Marathon Oil announced plans Thursday to spin off its refining business to focus more on its core business of funding and producing energy.
The energy company’s move comes after industrial giant ITT announced a plan this week to split the 91-year-old firm into three companies. And Motorola just completed its split into two companies.
The recent spate of spinoff announcements breaks a hiatus of such deals, in which a company splits off a part of itself into a separate, stand-alone company.
Last year, 11 U.S. companies completed spinoffs and related deals worth $15.6 billion, Dealogic says. That’s down from 14 spinoffs worth $15.8 billion in 2009 and well below the 90 valued at $62 billion in 1999. This year, though, is off to a brisk start with two spinoffs already completed.
“Companies have been waiting for a time like now with the economy gaining traction, to do spinoffs,” says Joe Cornell of Spin-Off Research. Fanning the pickup in spinoffs:
- New priorities following the recession. Companies spent a painful last few years figuring out which units were holding them back or didn’t fit their plans, Cornell says. With a strong stock market to sell into, and the Dow Jones industrial average up 79% from its low in 2009, companies can part with these units without settling for fire-sale prices, he says.

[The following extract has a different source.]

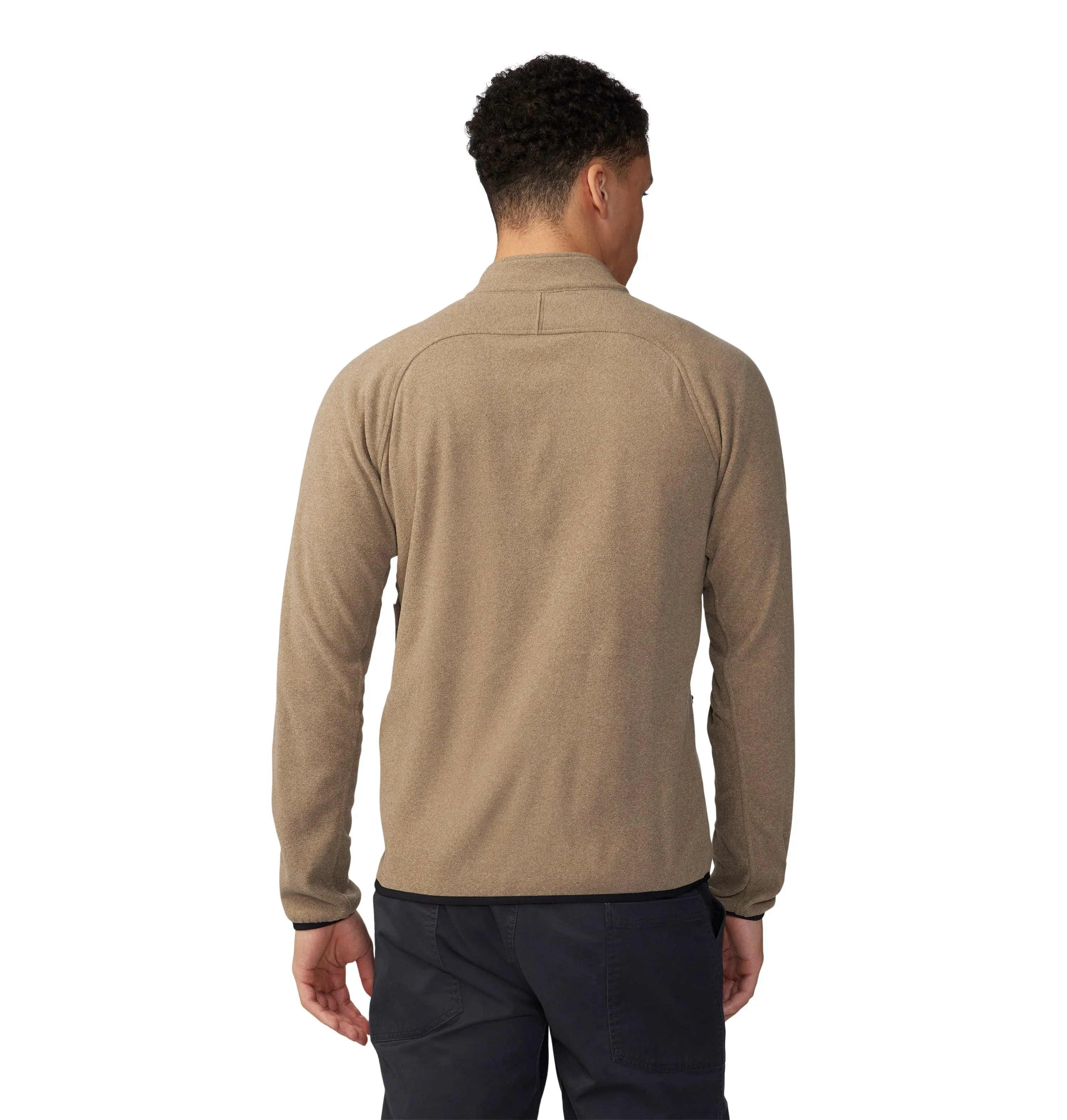 Memorial Day Sale Mountain Hardwear - Men'S Microchill Full-Zip Jacket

- Greater effort to get more respect from investors. Investors underappreciated Marathon’s lucrative exploration and production business, and fixated on its less-profitable refining units, says Philip Weiss of Argus Research. The spinoff” is a way to recognize that value.” he says.
Similarly, investors saw ITT as a mature industrial company and largely ignored its faster-growing parts, says David Rose of Wedbush Securities. Spinoffs unlock value trapped inside a bigger company, Weiss says.
- Perception that better focus brings growth. By spinning off businesses that aren’t part of the long-term plan, the remaining company can focus on areas where it will find the most success and growth in the future, says Ryan Mendy of The Spinoff Report. “Spinoffs do work.” He says.
Expect more companies to look to spinoffs to put their retooled strategies, coming out of the recession, into motion, says Cornell, who expects 30 or more spinoffs in the U.S. this year. “were at the beginning of a spin cycle that can last years,” he says.